I'd add, "Once a decision is made, allow time for reasoned and balanced feedback, because deciders are people, too."
This works in a community meeting, it works in a meeting between two sides arbitrating, it works in the body politic as a whole.
However, most of the time I've seen them put into action they're bludgeons to be used against other people.
"You need to have my input, and those people need to STFU."
"You didn't call on me, mother fucker, you need to show me some respect, asshole, I have something to say and don't tell me to wait my turn."
"No, there is no compromise. What's happening is offensive and immoral and it needs to change, even if some people need to starting smashing stuff. If you don't agree with me, you're a (insert politically appropriate epithet here)" (And above all, don't ask "offensive and immoral" to whom, as though there could be a different view. That's disrespectful.)
"You have to assume that the people who are here are the ones who get to decide. We can't take into account the views of those too lazy or stupid to show up. We are the community."
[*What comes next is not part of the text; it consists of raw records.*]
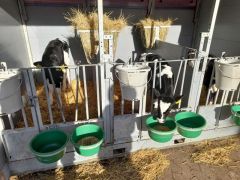 Zingsheim_2025-11-23_at_17.15.55_8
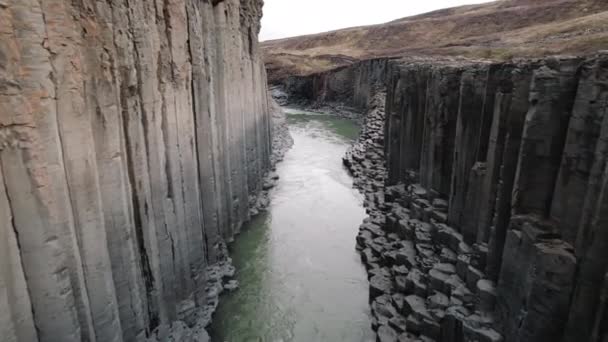 Dolly Powietrzna Obok Bazaltowych Kolumn Kanionu Studlagil Islandia Nad Rzeką — Wideo stockowe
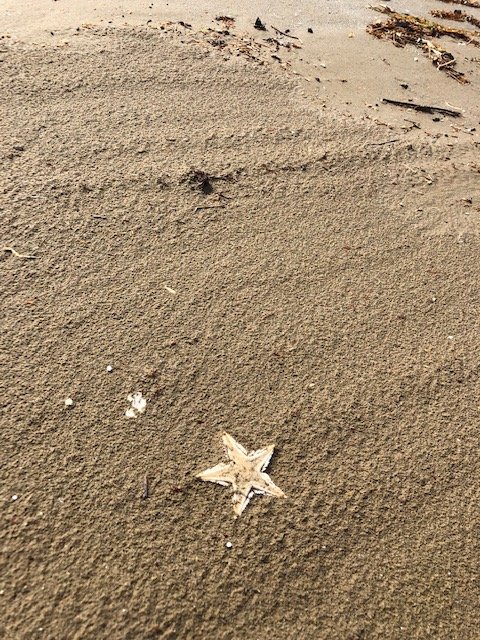 ものとして扱ってみる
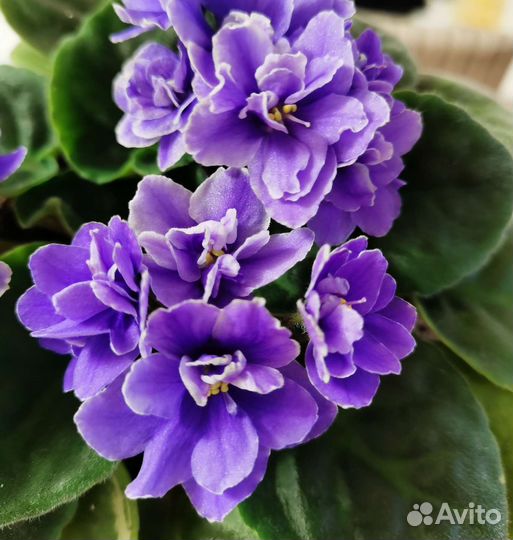 Фиалка blue dragon и ле морская поэма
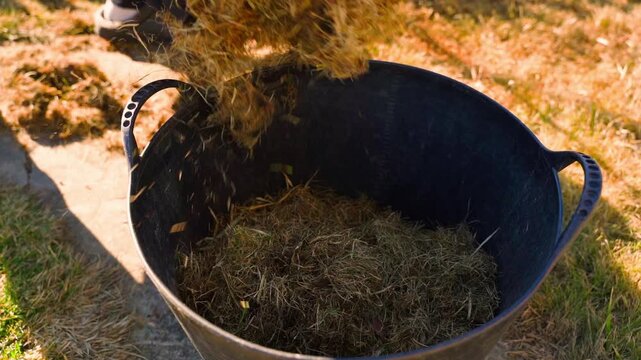 Filling large bucket with dry dead stale grass after lawn dethatching after winter
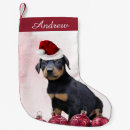 Search for doberman christmas stockings Puppy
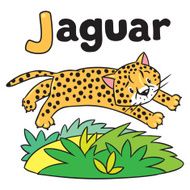 Little cheetah or jaguar for ABC Alphabet J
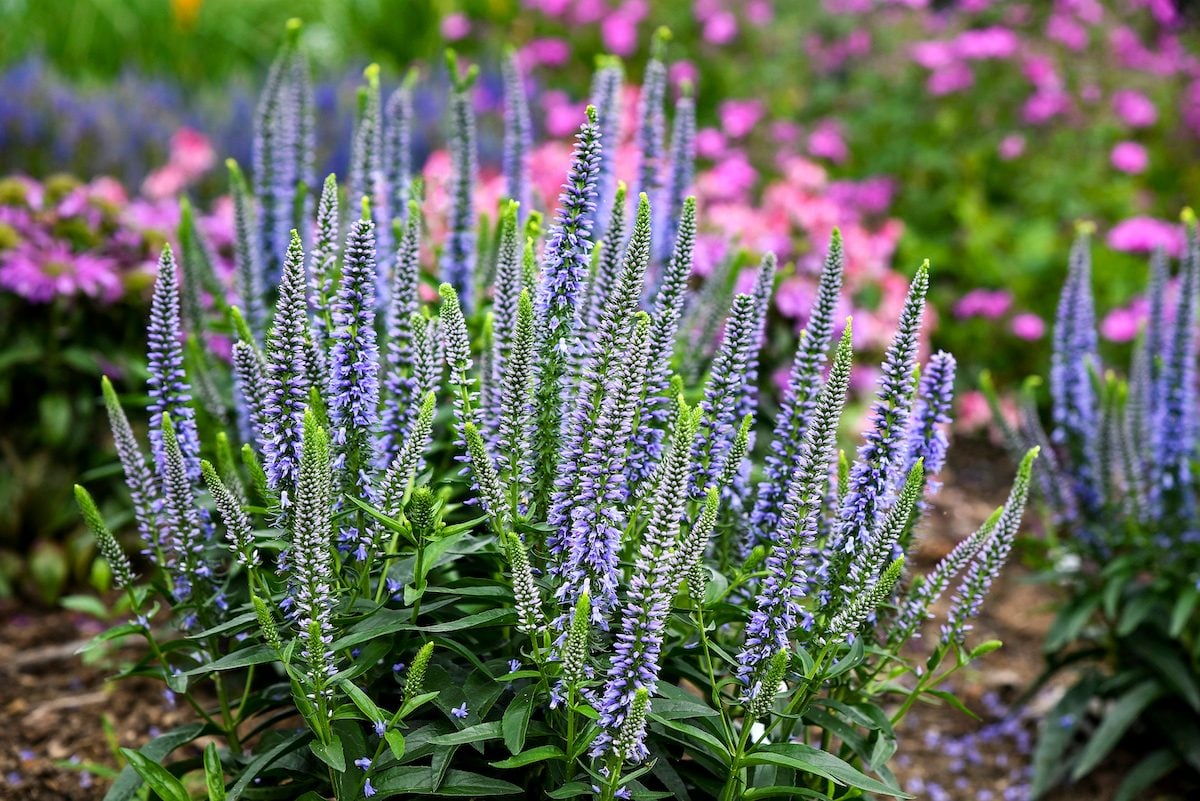 Speedwell (Veronica) Plant Care and Growing Tips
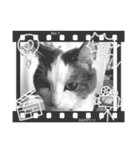 我が家の猫（Part8）（個別スタンプ：1）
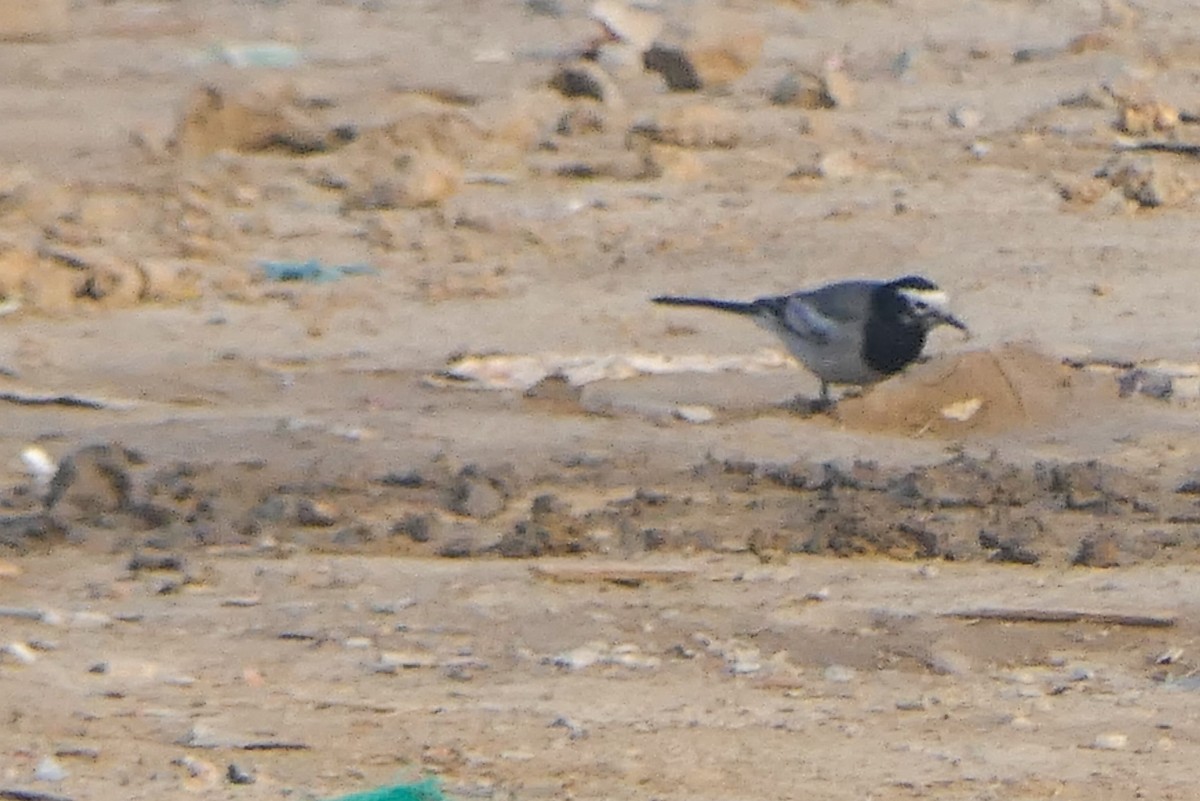 White-browed Wagtail - ML628610203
Even my addition is problematic, because those 1% or 49% who lost out or think they compromised too much or see feedback on a decision as a way to get the "compromise" to be 80% their view and 20% the views of the other groups on the sly.
And if you look at American politics, that's what you get. Because the problem in all of this is there is no community and too many people don't want there to be (just) one, at least not one that requires considering input from different groups, mutual respect, compromise, full representation, and ceding authority for decision making to somebody we might be suspicious of. Too much hate, too much paranoia, too much suspicion.